Muka Prita terangkat. "Bukanya om bohong?"

"Tentang apa?"

"Rentenir?"

"Itu betulan. Aku memang lagi kelilit."

"Mana bisa. Kan tinggal om hajar saja mereka, beres?"

"Sudah. Masih butuh lindunganku ga? Kalau sudah ga butuh, minta waktu, Aku ganti nanti uangmu."

"Hehehe.. Tapi sekalian jadi teman ku juga om ya" katanya sambil tersenyum.

Dan Mahesa menatapnya diam dari balik topeng.

"Iiirrggh..." terdengar suara lirih Kakeknya.

"Kakek?" teriaknya. Ini pertama kalinya sejak tiga tahun lalu mulut Kakeknya mampu bersuara. Tentu gadis itu terkejut dan senang. Dan Mehesa masih berdiri memandangnya. "Kakek? Ayo bilang lagi."

"Iiirrghh.. wan.."

Prita berusaha mendengarkan Kakeknya. Dia melihat, pandangan Kakeknya yang melotot namun kali ini tidak menatapnya. Namun pada Mahesa yang mematung. "Irr.. Apa Kek?"

"Iirrg.. wan.. ssaa"

Prita memandang Mahesa. Jelas sudah kali ini memang pandangan kakeknya yang biasanya selalu padanya, kini berpaling ke Mahesa. "Irwansa?" ucapnya sambil memindah pandang dari kakeknya ke Mahesa di sana.
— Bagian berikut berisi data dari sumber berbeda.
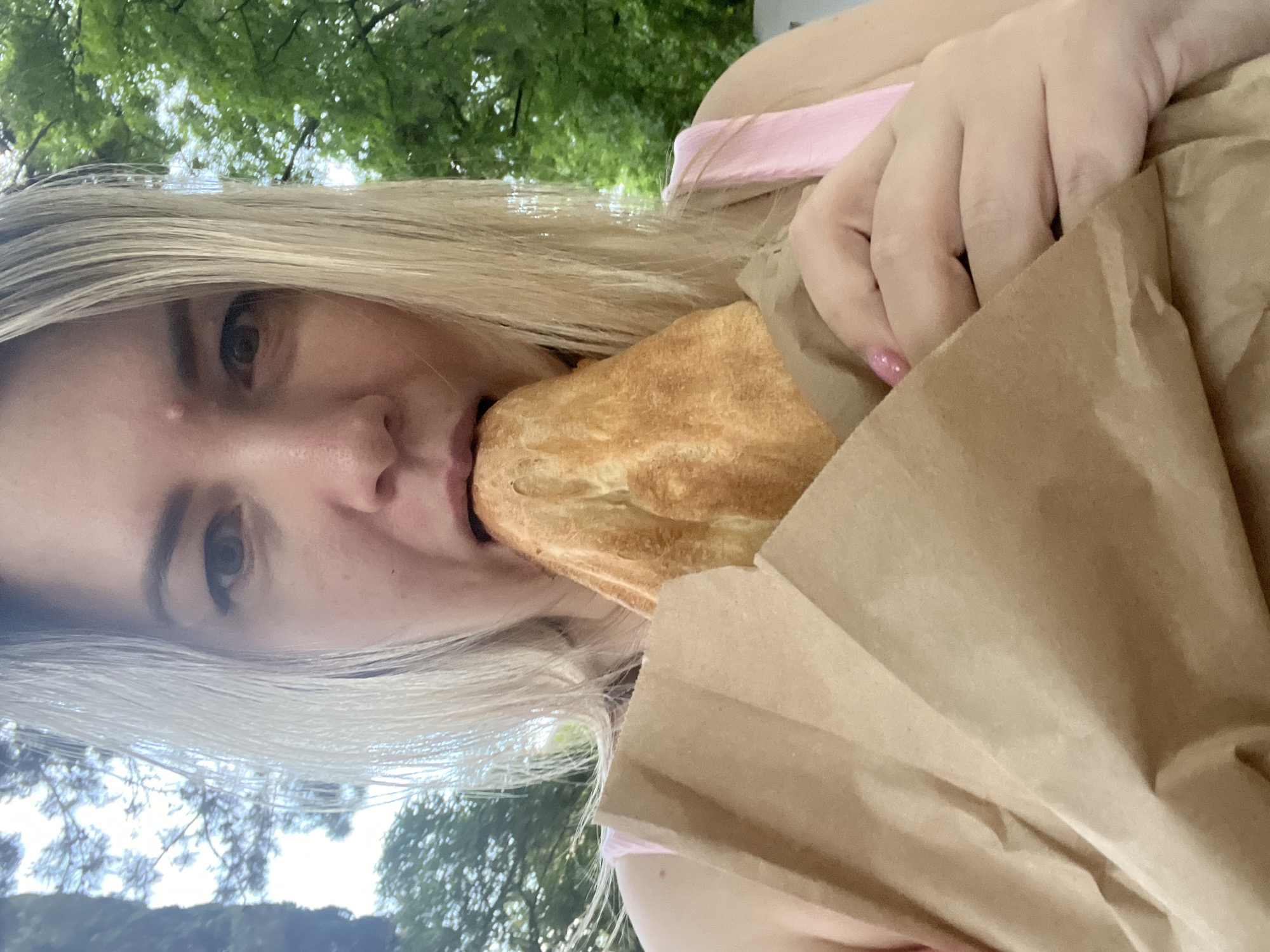 A blonde woman is taking a bite out of a pastry from a brown paper bag. She is wearing a pink top. The background shows green trees and a blue sky, suggesting an outdoor setting in Sochi, Russia.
"Irwansyah.. Irwansyah.. Irwansyah! Kapten Iswansyah!" Teriak sosok pria muda tak dikenal berambut cepak itu sambil tersenyum, tersirat di kepalanya. Suara desingan peluru, gelegar ledakan memenuhi kepalanya. "Hormaaaaat Geraak!" Sosok pria mirip Kakek Prita yang sedikit lebih muda, berkelebat sekilas. Aaaarrgh! Mahesa mengerang pelan. Tangan kanannya memegangi kepalanya.

"Om? Om baik-baik saja?"

Suara sirine terdengar di kejauhan. Mahesa berpaling. Dia sekejap berlari, melewati Prita, menembus jendela, Bruuaak! Prita terbangun lalu menghampiri jendela yang telah berlubang. Dia tak melihat apapun, selain gelap pekarangan.
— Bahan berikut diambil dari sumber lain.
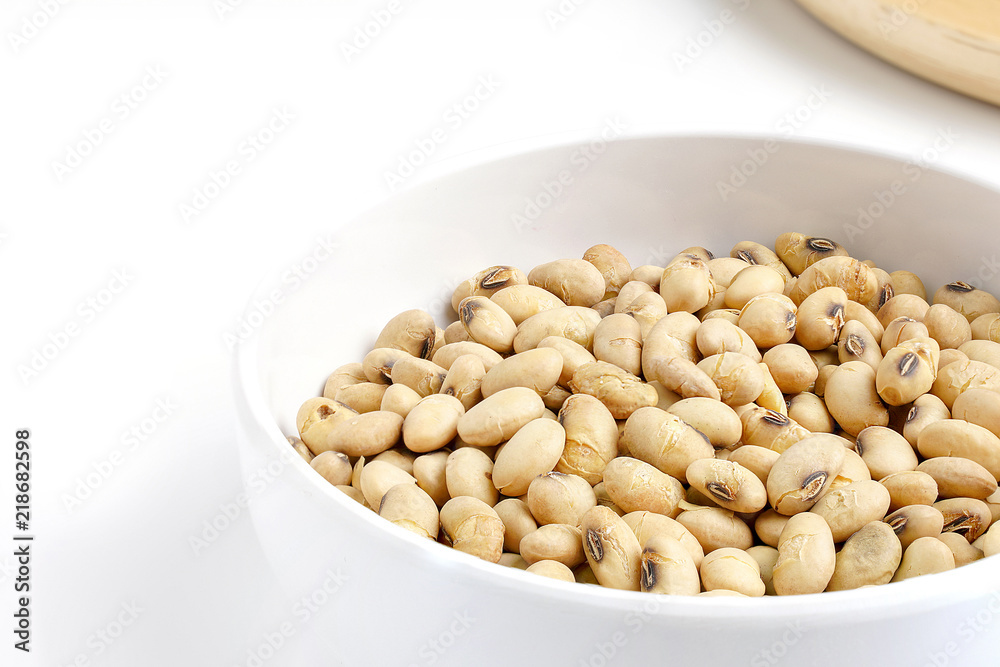 Roasted Soy in White Ceramic Bowl and Round Wood Dish isolated on White Background.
Tidak tanggung, selusin Polisi, dengan diketuai Sersan Angga tiba di rumah Kakek Prita. Dan rencananya akan didatangkan satu peleton lagi untuk anggota tambahan, yang akan berjaga hingga radius sepuluh meter dari tempat Prita. Tentunya operasi pertama adalah, mobilisasi Prita ke Jakarta, ke rumah orang tuanya.

Sedangkan delapan orang penjahat sudah ditangkap oleh kepolisian. Sempat satu orang pergi namun berhasil tertangkap karena luka parah di pundaknya.
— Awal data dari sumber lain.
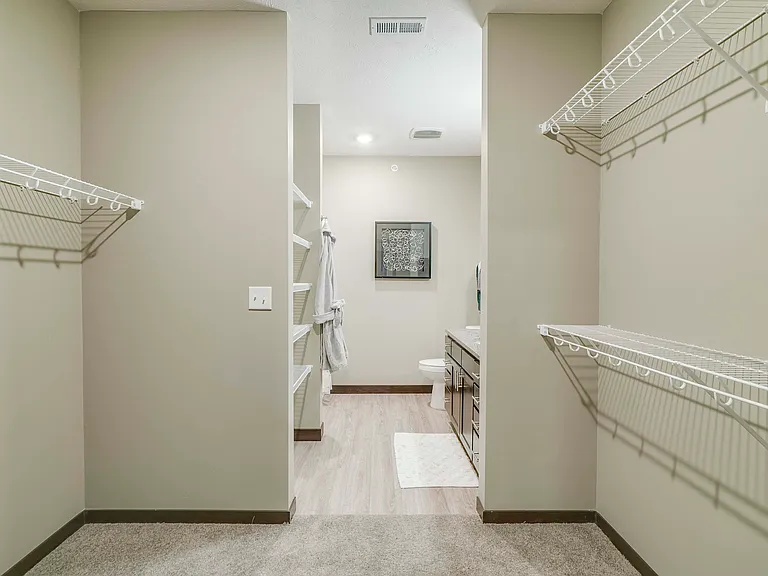 Keep everything organized in a roomy walk-in closet with built-in shelving.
Yang menyedihkan adalah harus ada korban jiwa dalam penyerangan malam itu. Dia adalah satpam penjaga rumah kakek Prita, Pak Min. Keluarga prita pun bersimpati. Kini tanggung jawab keluarga yang ditinggalkan Pak Min, diambil alih oleh nenek Prita. Itu sebagai bentuk terima kasih atas pengorbanan pak Min.

Kini Prita tertegun, kepalanya berpikir. Dia sudah diberitahu penjagaannya berikutnya, akan super ketat. Dengan penjagaan seperti itu, bagaimana bisa bertemu lagi dengan si supir taksi? Selain itu, penasarannya juga berkecamuk pada kelakuan Mahesa sesaat sebelum pergi. "Irwansa?" gumamnya pelan.